What is Biarri

Biarri by definition is to look for or hunt, Biarri to Spika is the culmination of years of experience and passion towards hunting and the outdoors. Our select team of hunters and designers joined forces and embodied the mindset of Biarri ‘To look for or hunt’ embarking on a two year journey through the vast landscapes of Australia and New Zealand with the ultimate goal of creating a native concealment camouflage pattern, one we now know as Biarri.

Biarri has been formed to take advantage of the space between, manipulating elements from our native surroundings into micro and macro layered pattern to produce a mix of texture, depth, natural lighting, colour and shadow. Biarri by Spika is a unique camouflage pattern that not only imitates the colours and textures experienced in the environments we hunt but also breaks down your outline. Spika has achieved the intended goal in the creation of Biarri: Native Concealment.

Biarri by Spika: Video

Biarri by definition is to look for or hunt, Biarri to Spika is the culmination of years of experience and passion towards hunting and the outdoors.

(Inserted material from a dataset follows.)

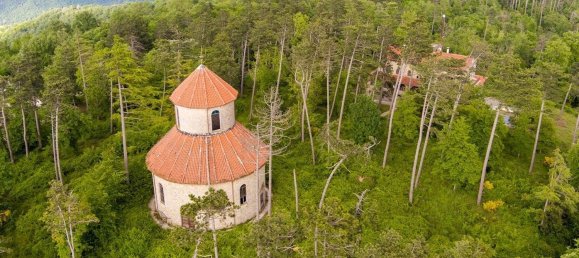 30 rooms House in Tuoro sul Trasimeno, Italy No. 76507 8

The process was always organic in nature with photography from our initial journey into Australian native landscapes, sketches taken of shapes and forms seen in organic matter.


With multiple rounds of changes and learnings, the Biarri pattern evolved over time to incorporate the input and feedback of many to become what we now see as Biarri by Spika

The Tech

Biarri is taken from nature, any good inventor will tell you that good innovations are inspired by nature's adaptation, like a bird's wing for flight or a fish tail for a rudder on a boat. It is for this very reason that we decided to take in the space around us and the shapes formed by nature to help us create Spika’s Biarri camouflage pattern.

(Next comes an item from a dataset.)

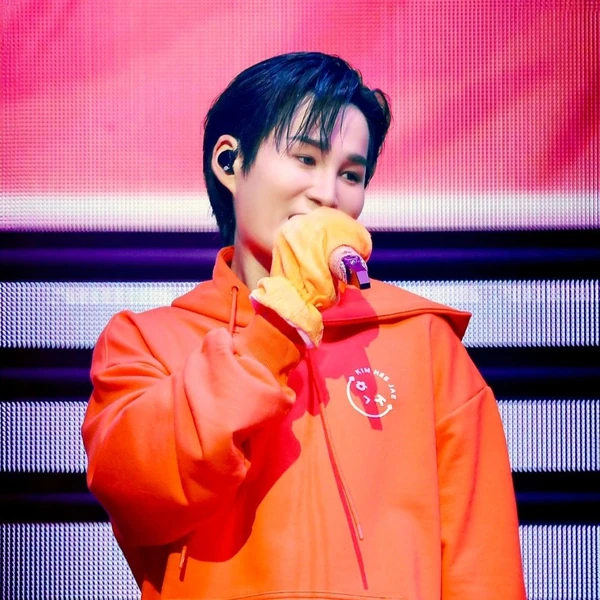 今天最受喜爱的金熙栽模样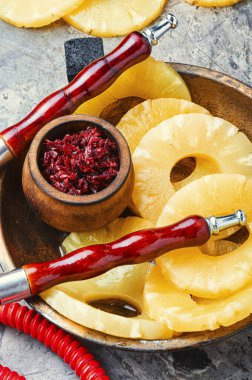 Ananas aromalı nargile..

We ventured into our native landscape and documented the natural shapes and forms seen in the bush, in our research we didn’t see any dots or pixels but rather seemingly random organic forms. From the our research images we extracted notable forms that naturally occur between the trees, branches, and bush for macro shapes, and looked a little closer at leaves, rock cracks, moss and forest floors for micro elements.

With our reseach complete we combined our shapes and identified colours, arranging them in a seemingly random way on a micro level, but on a macro level, you can see there are clear hard light areas, all using organic shapes and in a colour spectrum that emulates the variation true to not just our native landscape but also generally around the world. But the true key to confusion of the unidentified figure is in fact depth. Depth is created using a careful and strategic placement of dark and light shapes. Colour varies landscape to landscape, but what is seen in all natural elements and the spaces between formations in all environments around the world is shape and depth.


Through our research we came to one statement that summed up our research, ‘organic shape confusion’.

Adding this into what we already know about Ungulate vision, and the sub par precision of the hooved animal eye we saw a weakness and materialised this into design mechanisms that were tried and tested, These two integral underlying factors were, 1. figure break up and, 2. organic shape echoing.